> [YOUR TASK] From the line that has "ヘンリーデザインカップインキャミ - Image 5" down to the last line of the data below, set down every line exactly, but none of the pictures.

##### PROVIDED RECORDS

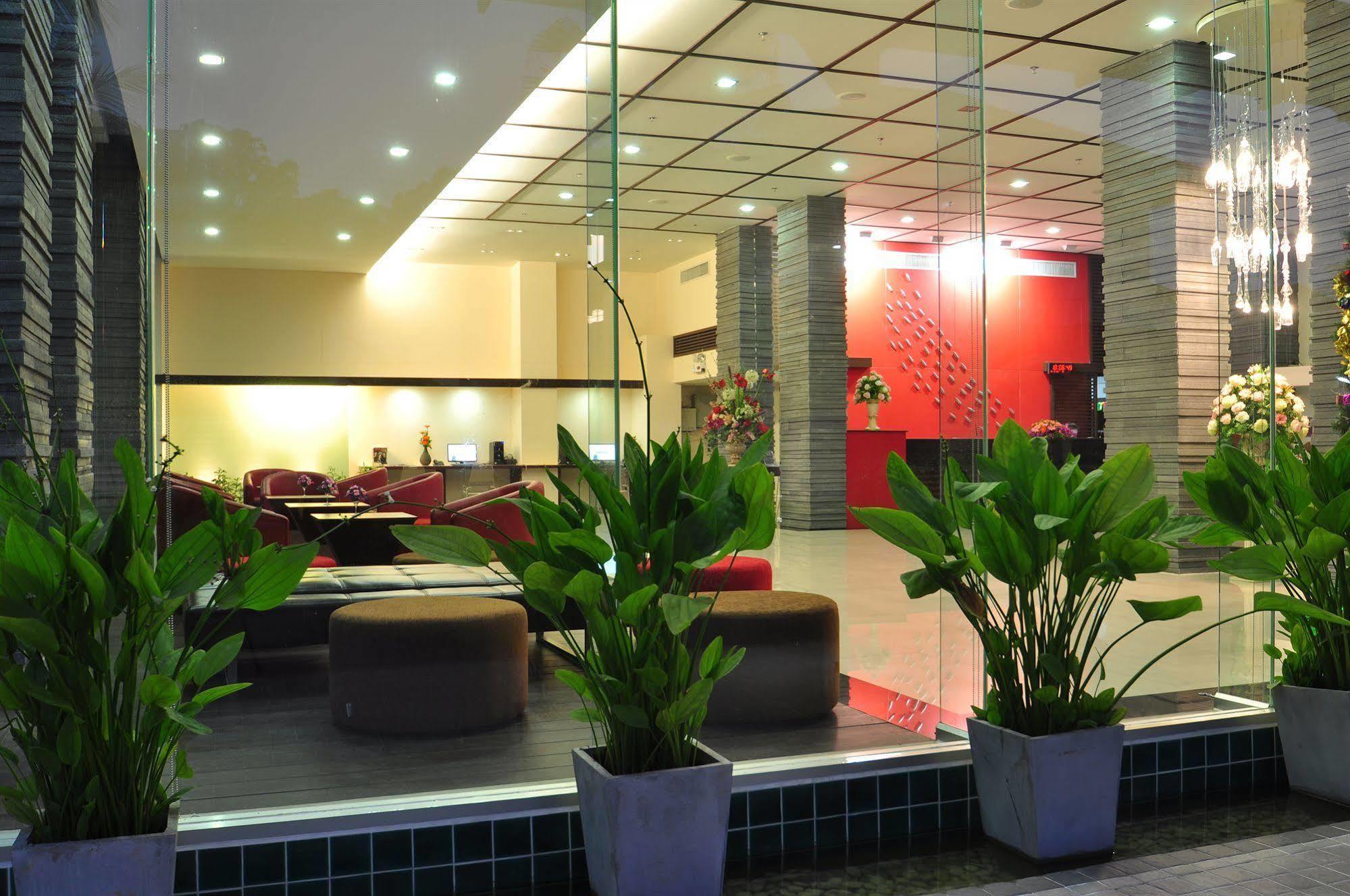 Mayflower Grande Hotel Chiang Mai Exteriör bild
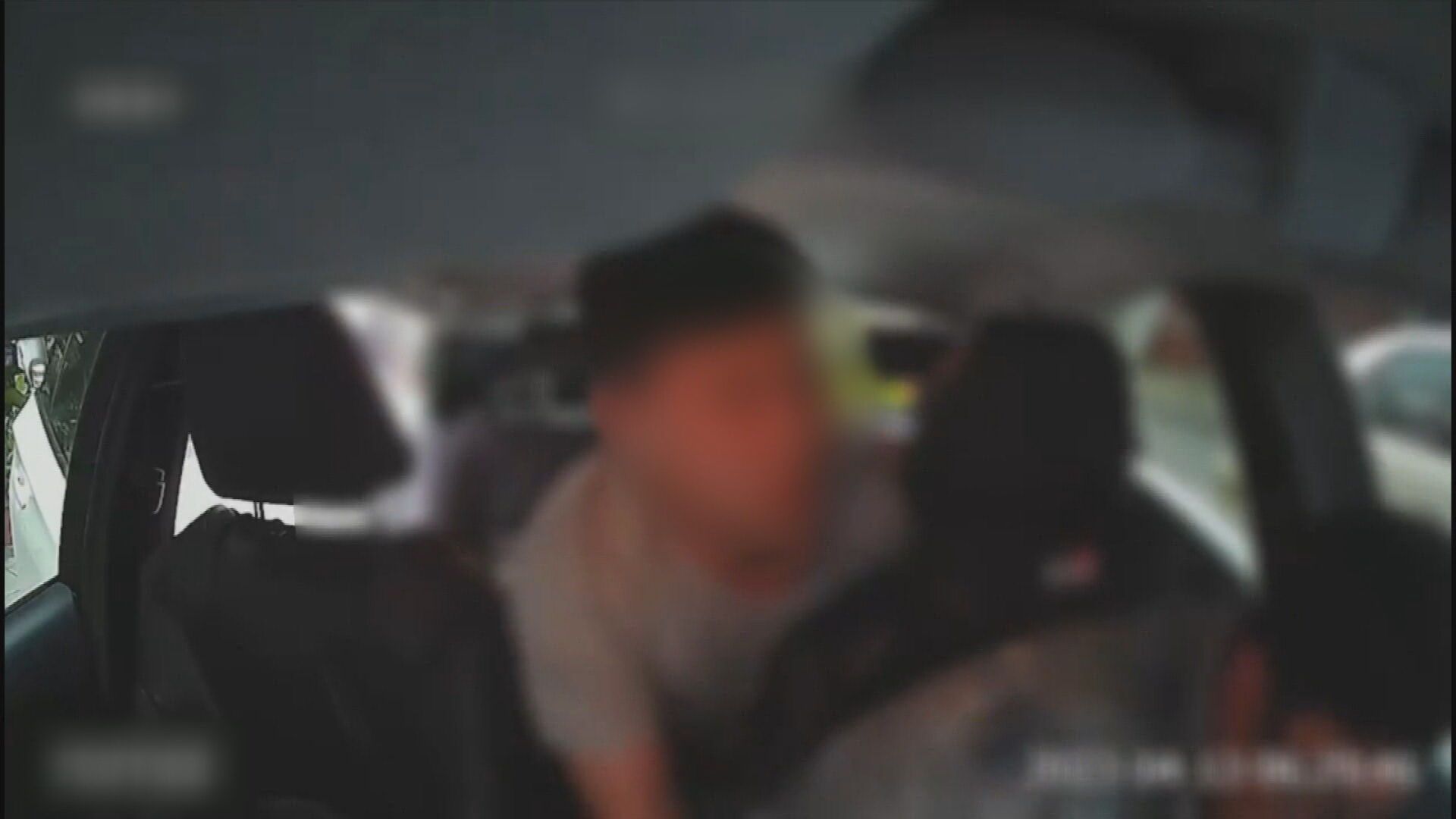 台北市一名疑似喝醉酒的乘客,毆打多元計程車司機。(翻攝自記者爆料網)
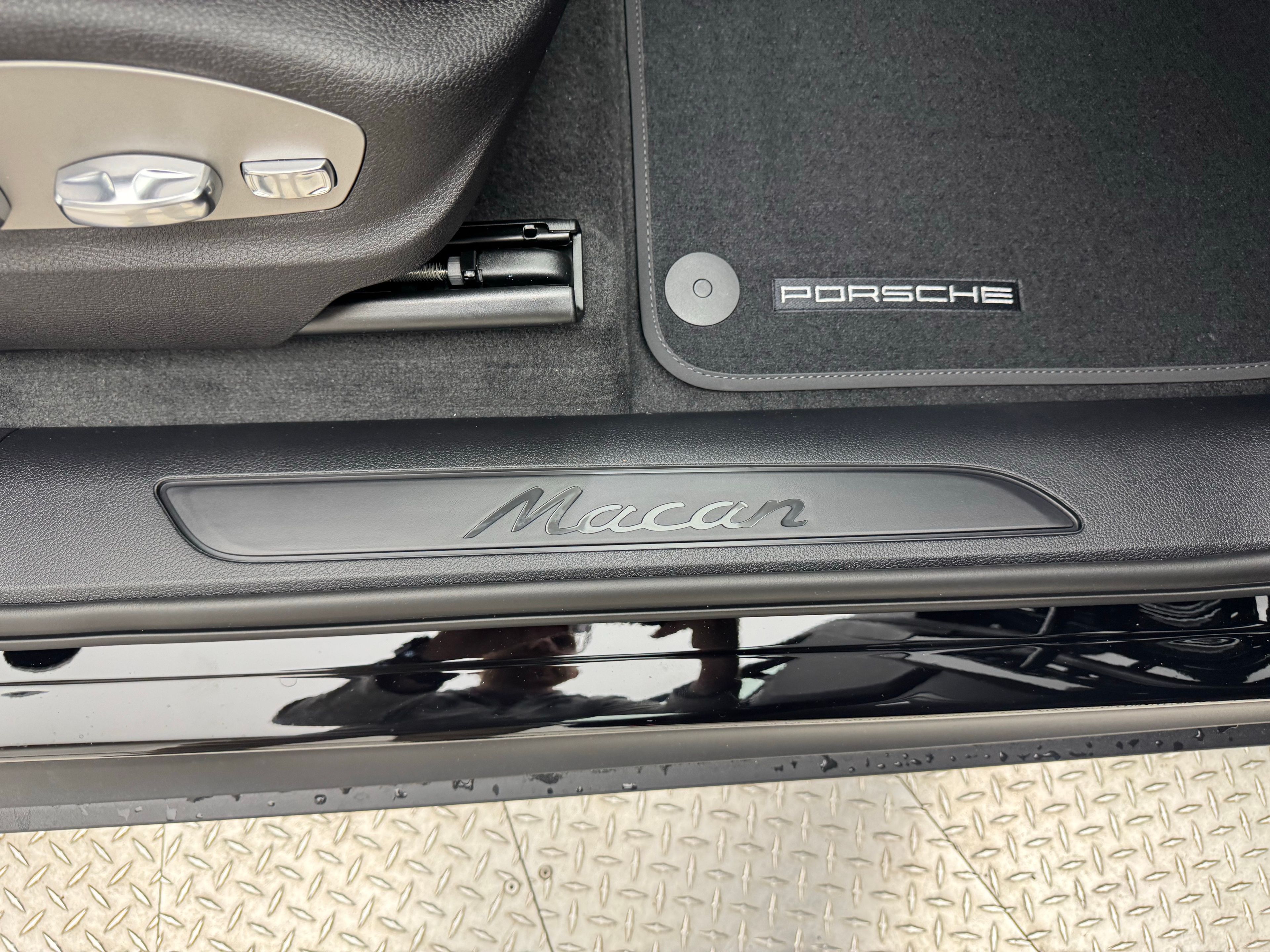 Thumbnail: 2026 Porsche Macan - 26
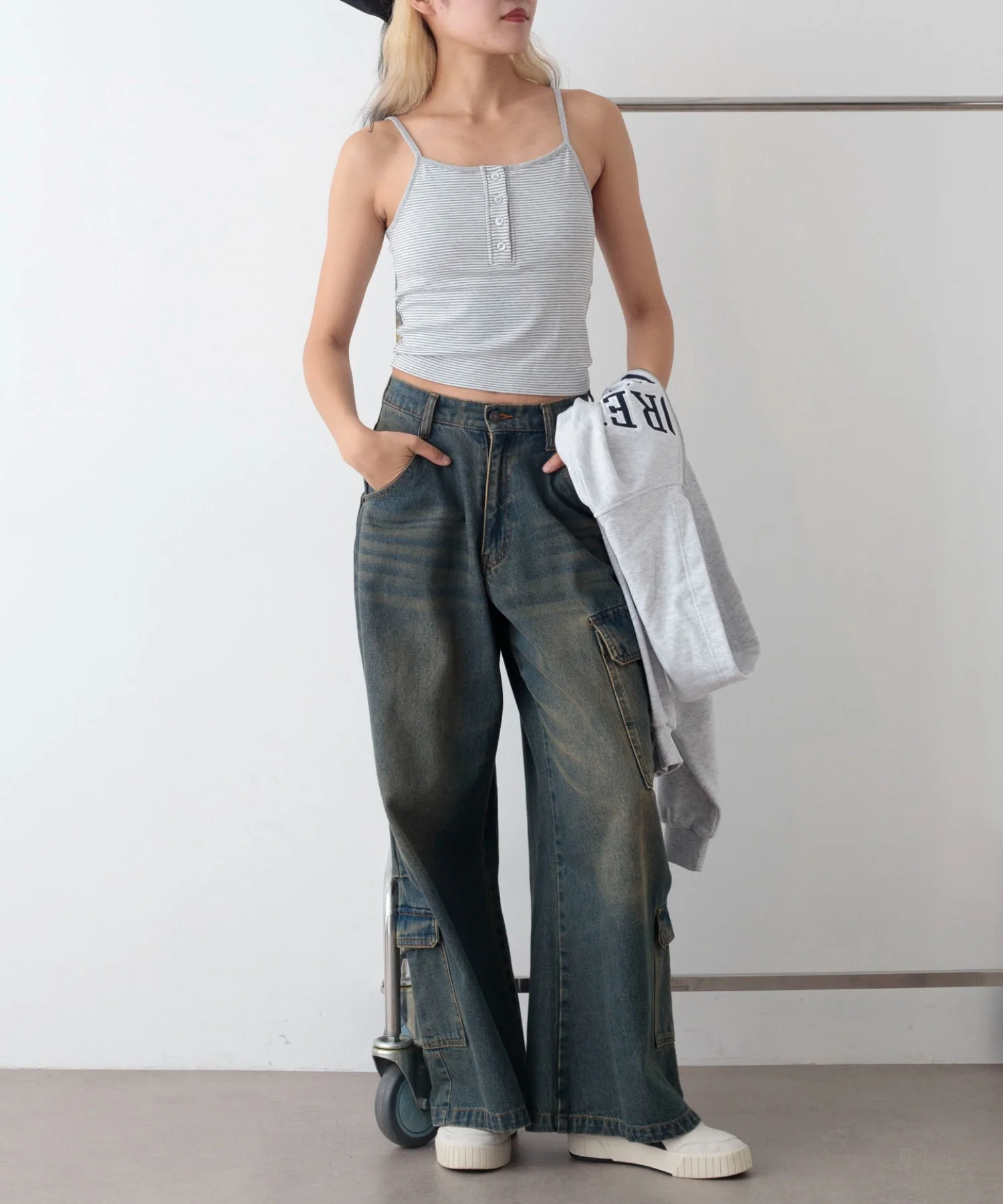 ヘンリーデザインカップインキャミ - Image 5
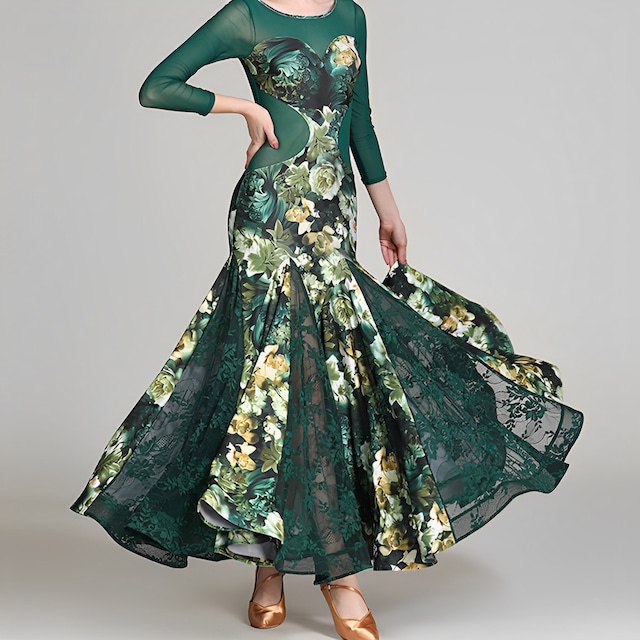 3collar エレガントなフラワープリントデザイン シアースカートドレス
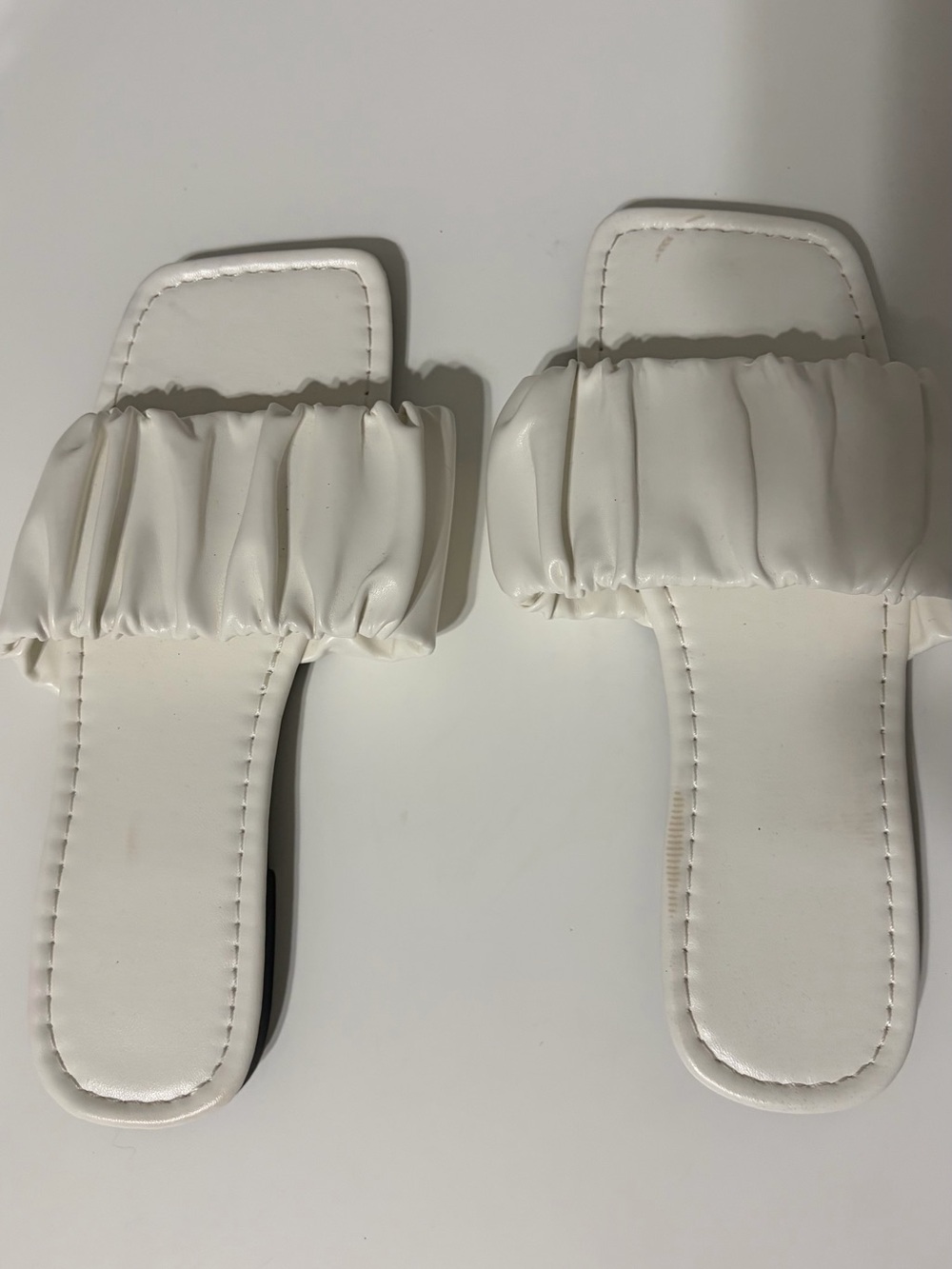 White Ruched Strap Slide Sandals - Women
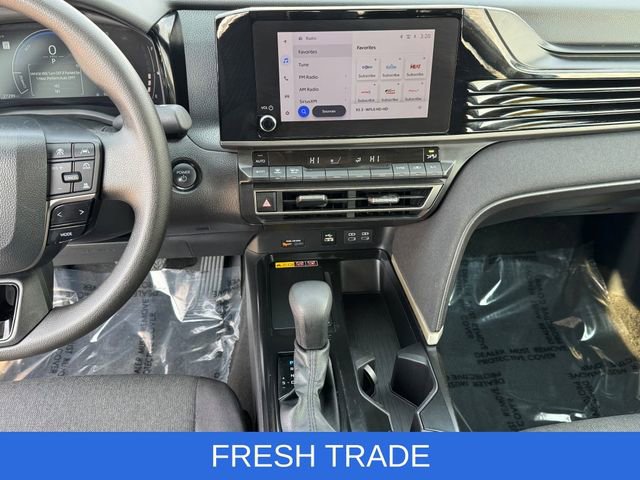 Used 2025 Toyota Camry LE image 16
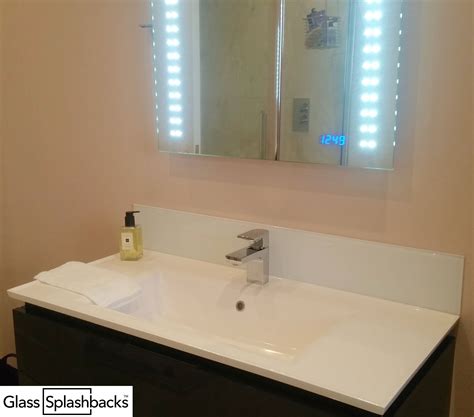 Make your dreams come true with ikea's planning tools. The perfect solution behind sinks, glass splashbacks are ...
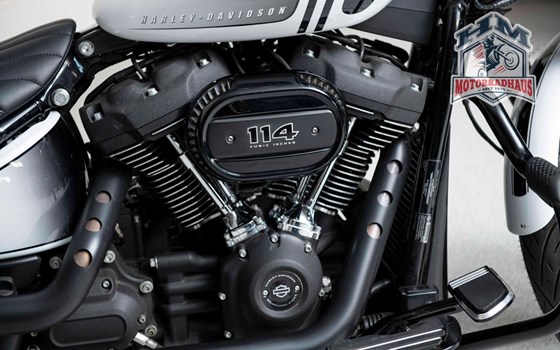 Gebrauchtmotorrad Harley-Davidson Softail Street Bob 114 FXBBS - Bild 7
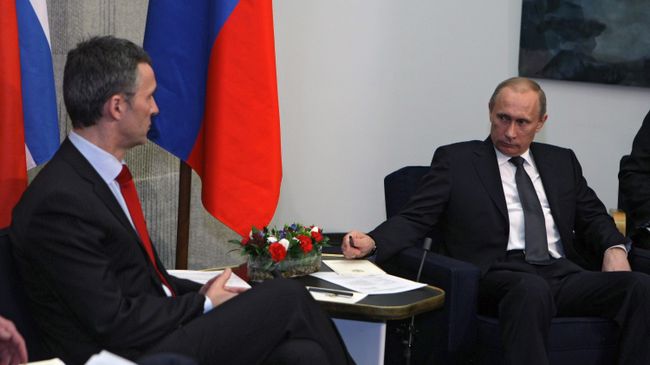 Встреча премьер-министров РФ и Норвегии Владимира Путина и Йенса Столтенберга. Архив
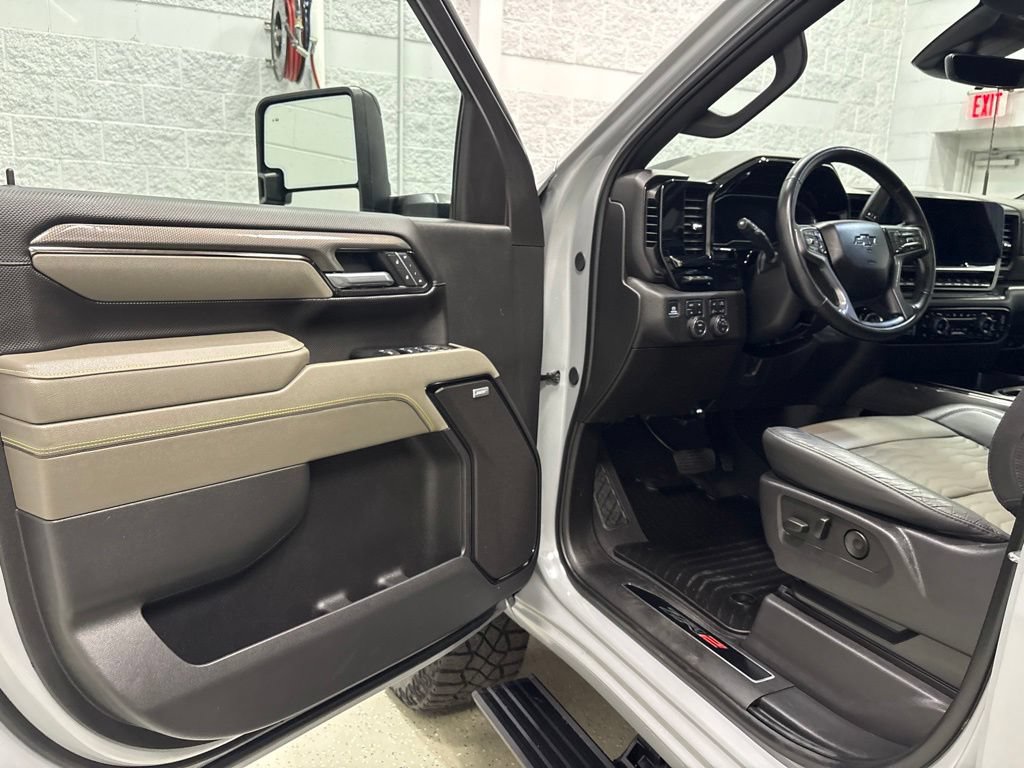 Used 2025 Chevrolet Silverado 2500 ZR2 w/ Technology Package AWD/4WD image 15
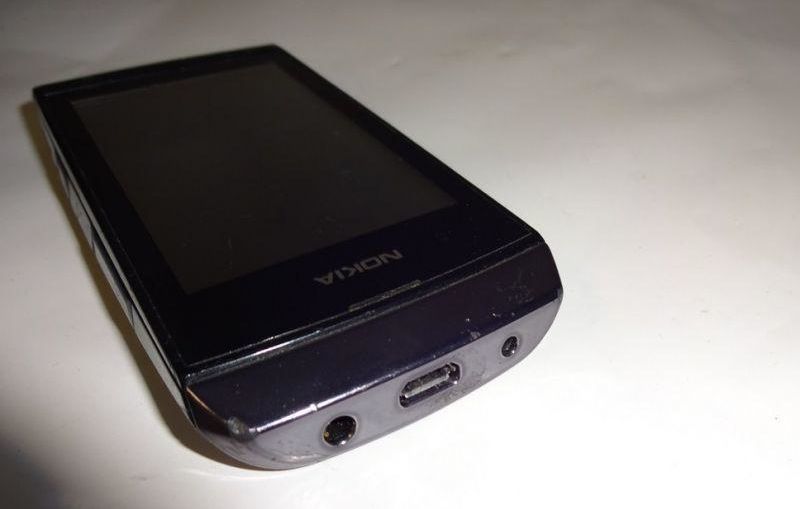 nokia-asha-306-lad-uszkodzona-stan-uszkodzony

##########

> [EXPECTED ANSWER]
 ヘンリーデザインカップインキャミ - Image 5
 3collar エレガントなフラワープリントデザイン シアースカートドレス
 White Ruched Strap Slide Sandals - Women
 Used 2025 Toyota Camry LE image 16
 Make your dreams come true with ikea's planning tools. The perfect solution behind sinks, glass splashbacks are ...
 Gebrauchtmotorrad Harley-Davidson Softail Street Bob 114 FXBBS - Bild 7
 Встреча премьер-министров РФ и Норвегии Владимира Путина и Йенса Столтенберга. Архив
 Used 2025 Chevrolet Silverado 2500 ZR2 w/ Technology Package AWD/4WD image 15
 nokia-asha-306-lad-uszkodzona-stan-uszkodzony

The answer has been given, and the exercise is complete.